As a history major I must give you a little context around what’s happening here and why Paul is writing the way he does in the 3 chapters of Titus…


Titus was Greek and had been a traveling companion of Paul, and Paul sent him the island of Crete (which is off the coast of Greece) to restore order to house churches that had been planted there, but that was engaging in bad practice. Cretans were known as liars, as people who engaged in treachery, violence and sexual immorality. Why did Paul think Crete to be of importance? The island had many harbors, with sizeable cities surrounding them and Paul believed that Crete was the place to start church plants. But over time, bad practice led to bad theology, as the leaders of Crete who proclaimed to be Christians were actually corrupt and ungodly. Because Paul was all about holy living, he sent Titus to correct the errors of Christian practices in Crete, to turn bad practice into good practice so that their theology would be pure and righteous.
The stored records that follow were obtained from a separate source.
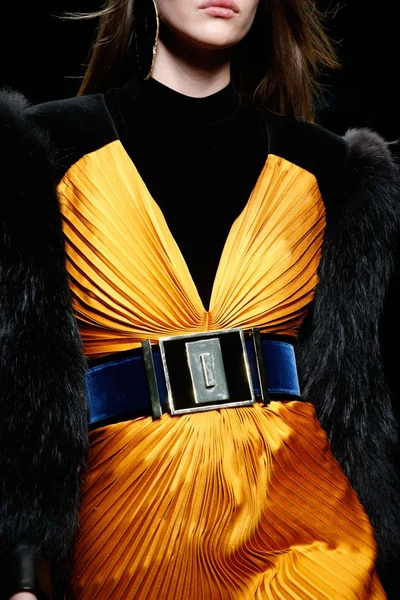 Look 48
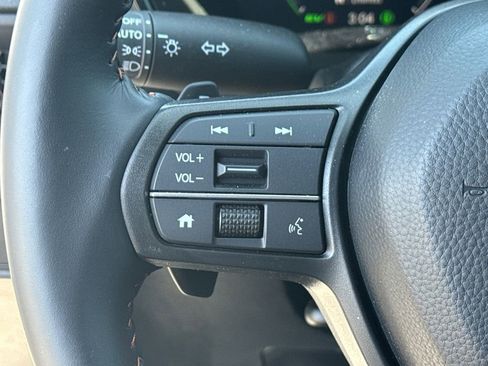 Used 2025 Honda CR-V Sport-L image 25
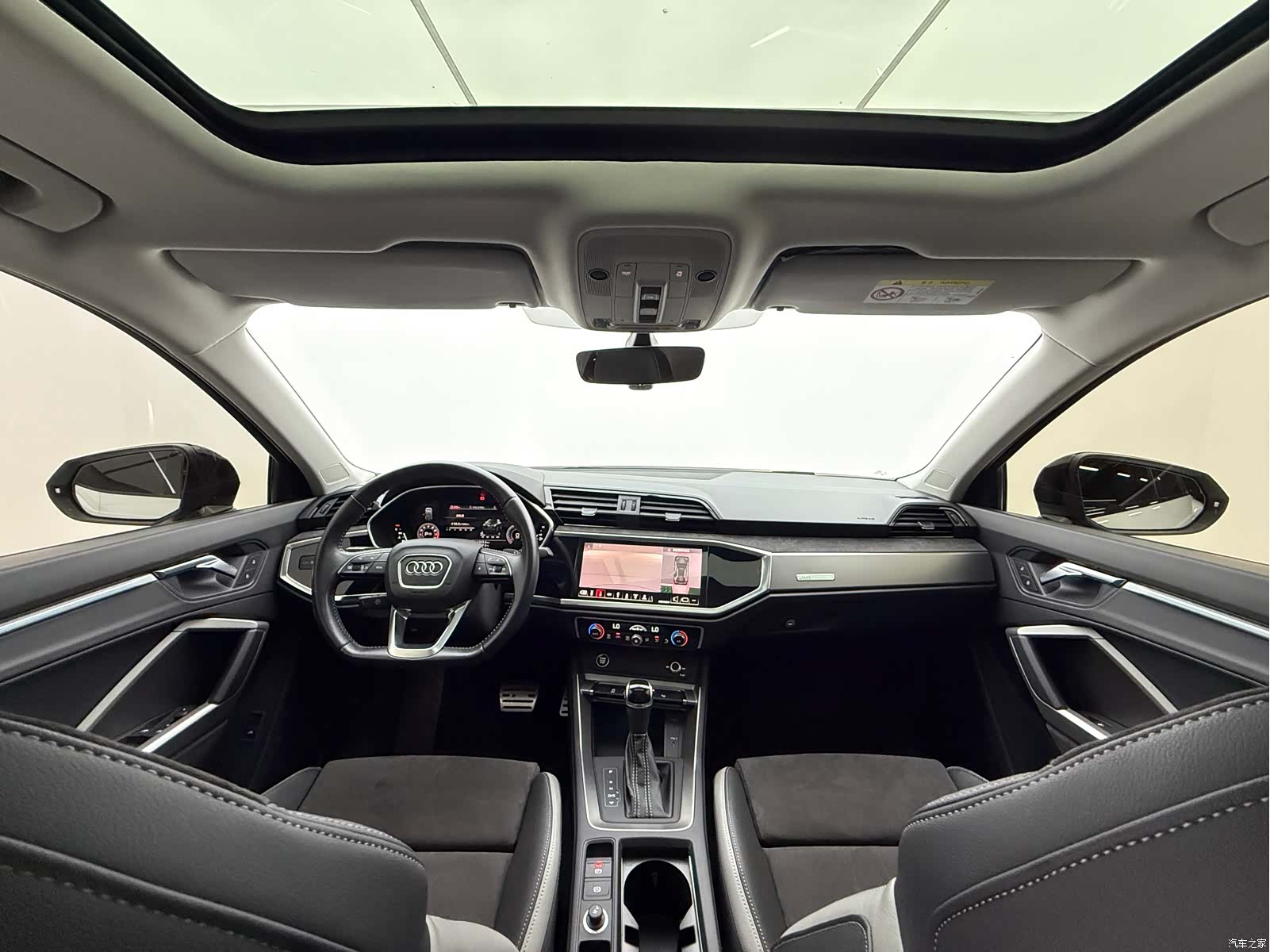 Audi Q3, 2022 9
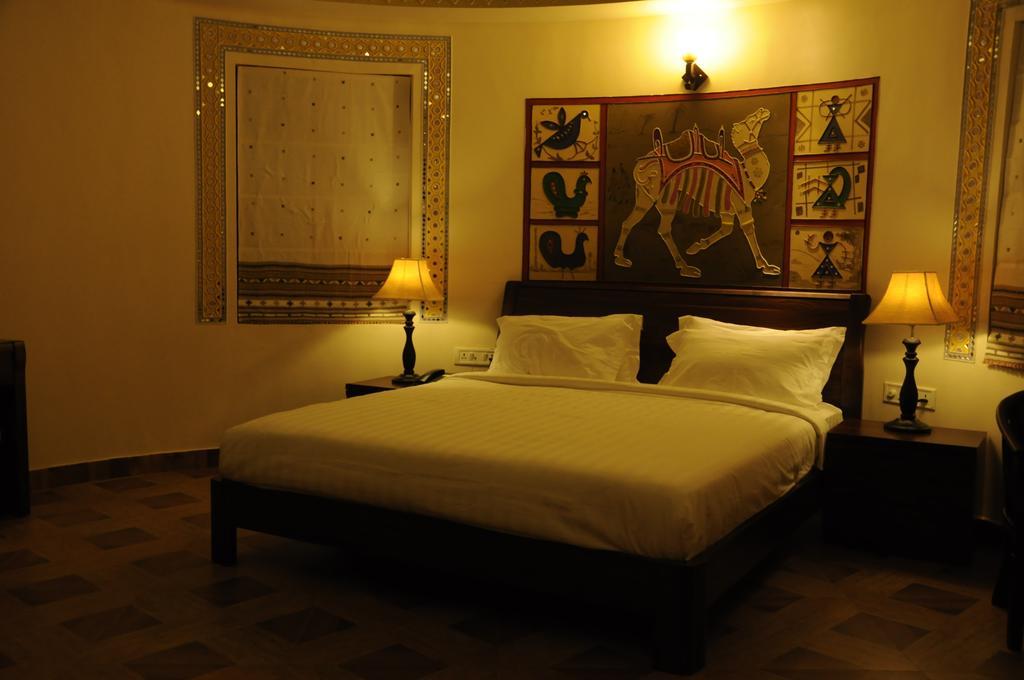 Seven Sky Clarks Exotica Hotel Bhuj Buitenkant foto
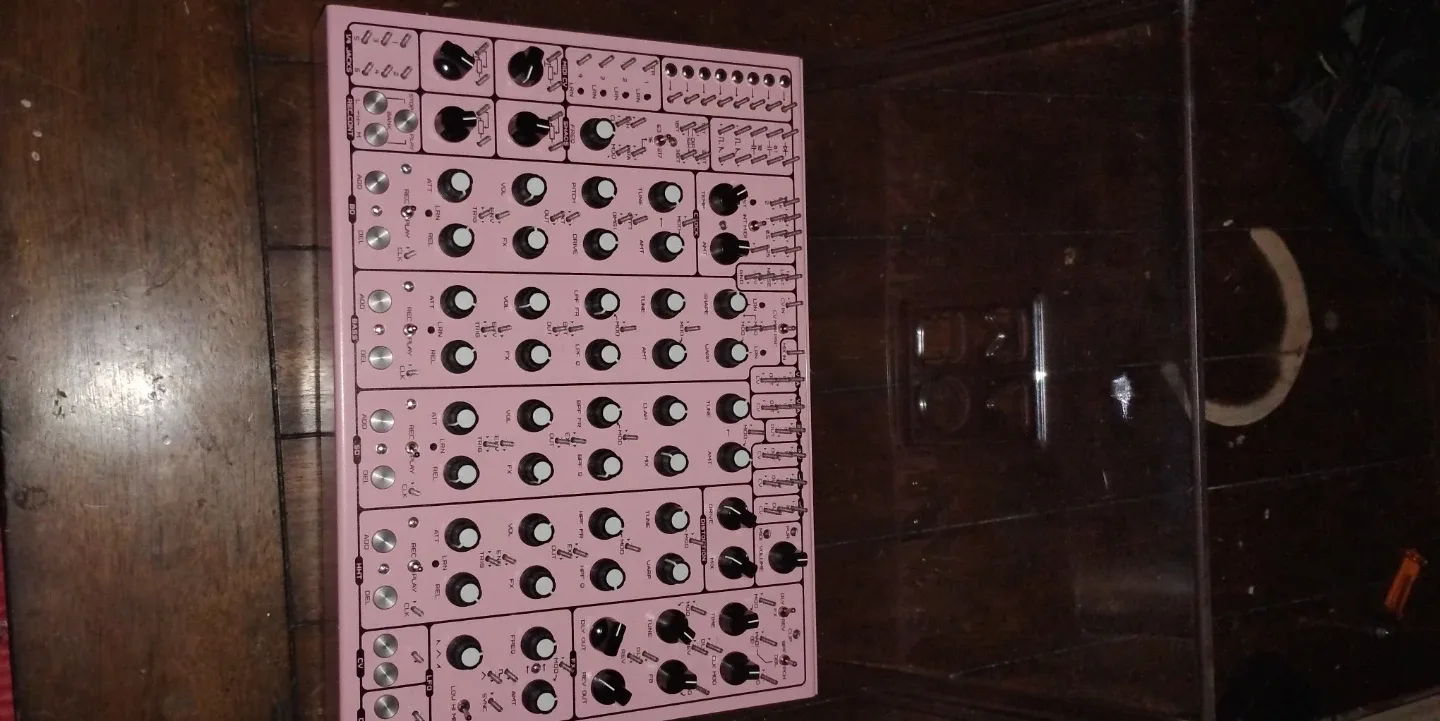 Pink Modular Synthesizer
Paul starts off by reminding Titus of the heart of the Gospel message and that God is truth, unlike the Cretans who were known to be liars. And therefore, the Christian life is about truth.


Then Paul exhorts Titus with his task on the island, which is to appoint new elders (mature husbands and fathers) who are set a part, who teach truth, who are honest and generous, who are Godly, and who will stand up to and correct the corrupt Cretan leaders.


Next, Paul exhorts Titus to do something about the credibility of the church because Christians had begun to live wildly like the Cretans. Back in 1:12 of Titus, Paul quote Epimendous by saying, ‘Cretans are always liars, evil beasts, and lazy gluttons.’ This behavior had creeped into the church and the credibility of the church and God’s Word was tainted. Bad practice had led to bad theology in the church there. So, Paul lays out how the ideal Cretan household should have men mentors to boys and women mentors to girls, and that slaves should obey their masters.


Here is where we get Paul’s intent for this epistle to Titus, when the church gets its practices right, then ungodly people [the Cretans] will see. He is saying, Christian living must impact culture and communities for ungodly people to see. Christians can’t stay in their bubble, but rather, they must integrate into society and mix with all people, and it’s their set a part lifestyle that will change the culture around them.


As Christine Caine has often said, “When the church starts being the church we will get the world evangelized in days.”

It’s this set a part lifestyle this value system that fuels the Christian life and it’s all based on God’s generosity, grace and love, which was lived out in the life of Jesus.


Paul’s message to Titus is for us. In 3:1-3, Paul states real Christians should speak no evil, are peaceable, gentle, and show humility. It is the transforming power of the Father, Son and Holy Spirit that enables this authentic Christian lifestyle.


Summarizing the Bible Project: Titus is Paul’s missionary strategy for churches to become agents of transformation within their communities. It won’t happen by waging a culture war or assimilating to the Cretan (world/carnal) way of life, but by participating in culture and embracing what’s good in culture and rejecting the bad. It’s about impacting culture and sharing God’s grace with the world.


Happy Friday! God bless you and go bless someone else this weekend!